(Goal of the exercise): Please produce an exact copy of only the lines from the one with "Выключатель 1-кл. СП" through the last one of the material, without pictures.

[Recorded data Boundary: Start]

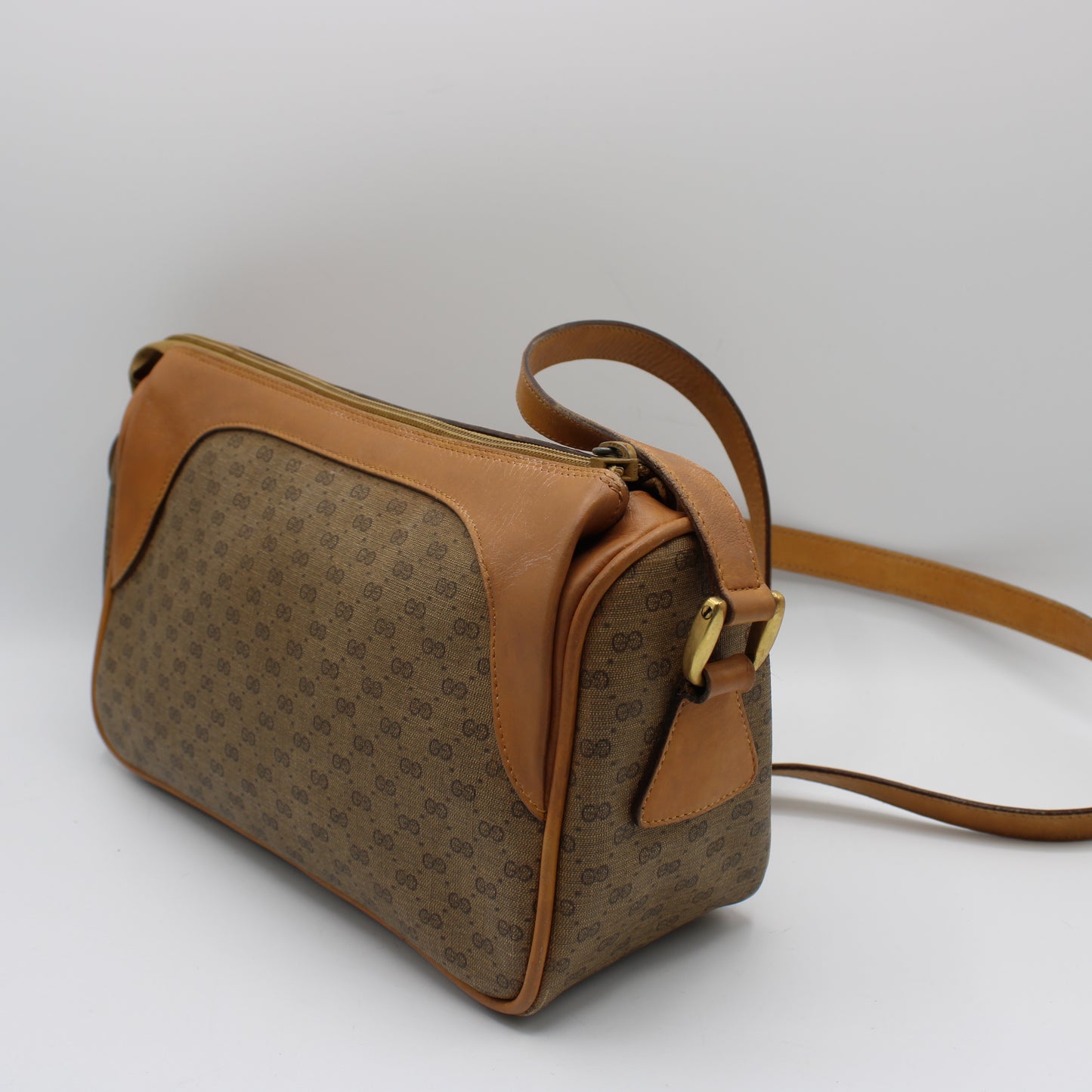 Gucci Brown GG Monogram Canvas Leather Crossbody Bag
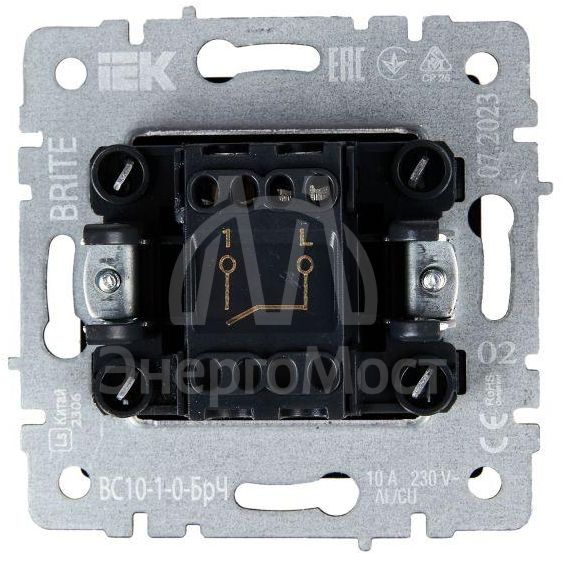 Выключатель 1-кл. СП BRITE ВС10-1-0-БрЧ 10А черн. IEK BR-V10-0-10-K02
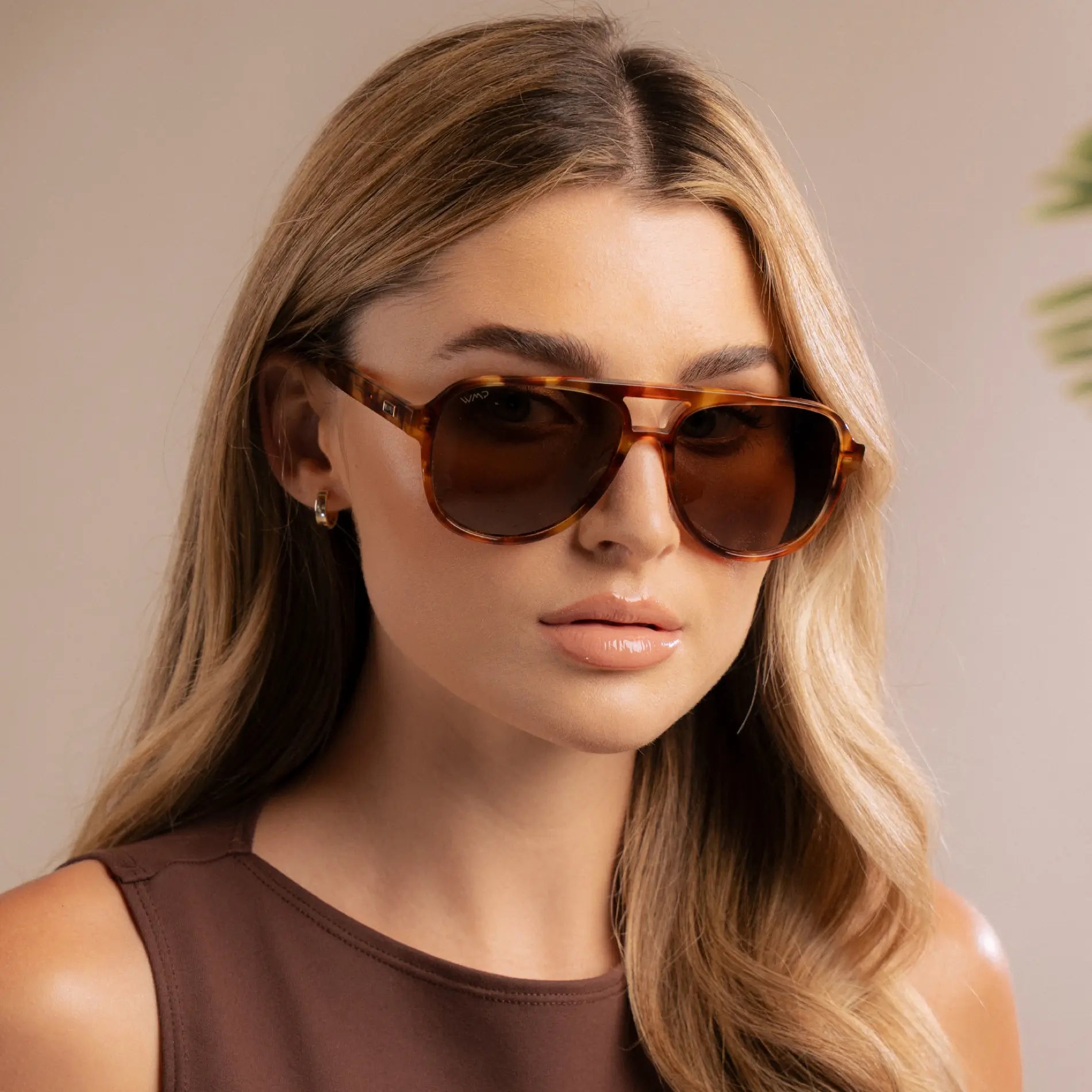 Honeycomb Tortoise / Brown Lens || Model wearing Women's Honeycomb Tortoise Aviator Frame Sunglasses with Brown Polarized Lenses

[Recorded data Boundary: End]

(Finished exercise):
 Выключатель 1-кл. СП BRITE ВС10-1-0-БрЧ 10А черн. IEK BR-V10-0-10-K02
 Honeycomb Tortoise / Brown Lens || Model wearing Women's Honeycomb Tortoise Aviator Frame Sunglasses with Brown Polarized Lenses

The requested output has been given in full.